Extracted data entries
-- Opening Marker --

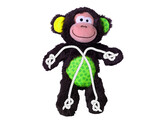 Plush monkey with rope inside   28 cm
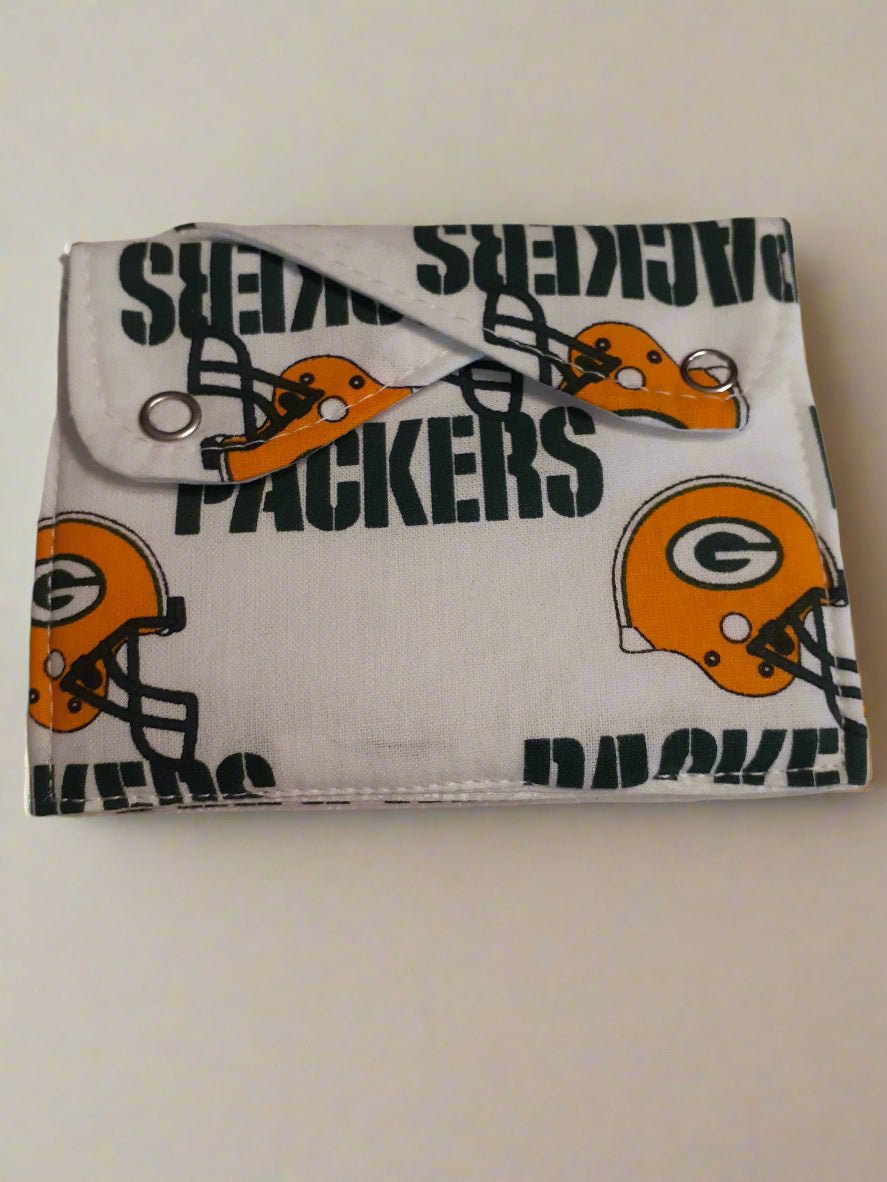 Double Snap Card Holder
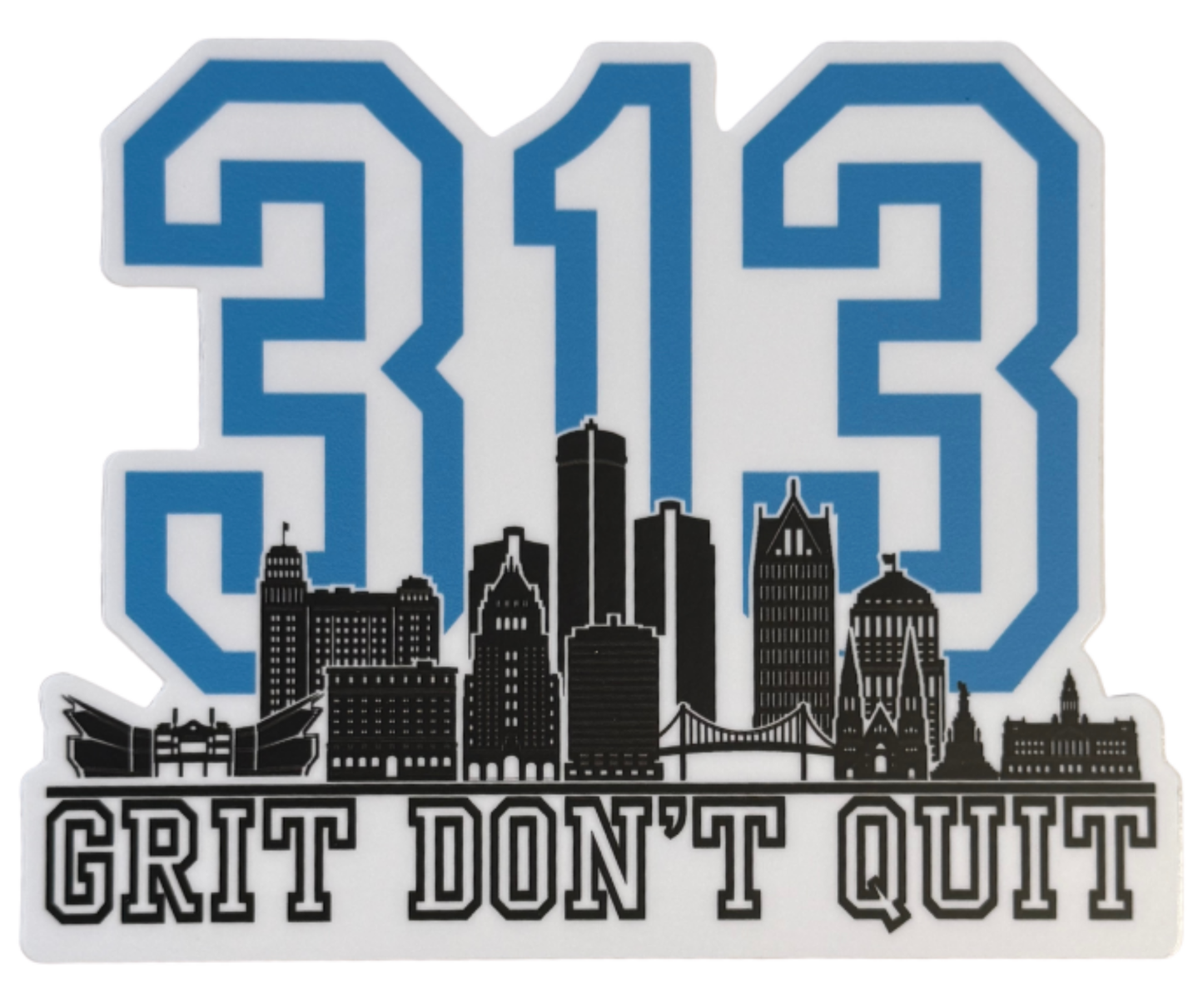 P104: 313 Decal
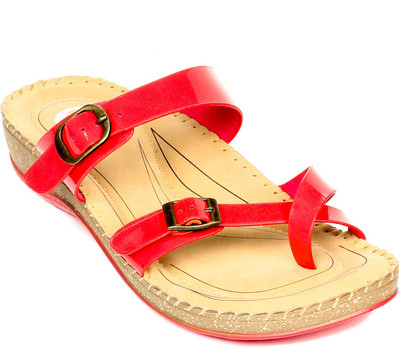 

Pavers England Women RED Flats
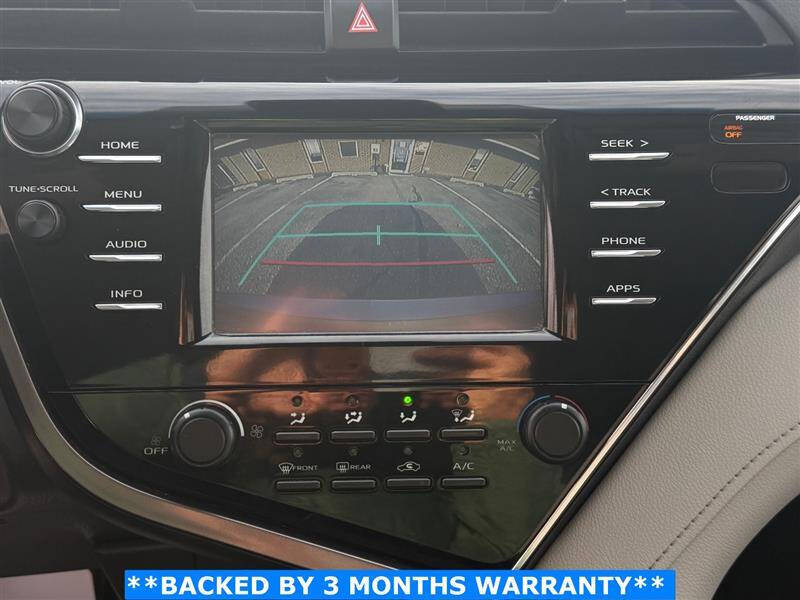 2018 Toyota Camry LE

-- Closing Marker --

Exercise brief
Retype the data word for word, please, and keep the images out.

Result of the exercise
 Plush monkey with rope inside   28 cm
 Double Snap Card Holder
 P104: 313 Decal

Pavers England Women RED Flats
 2018 Toyota Camry LE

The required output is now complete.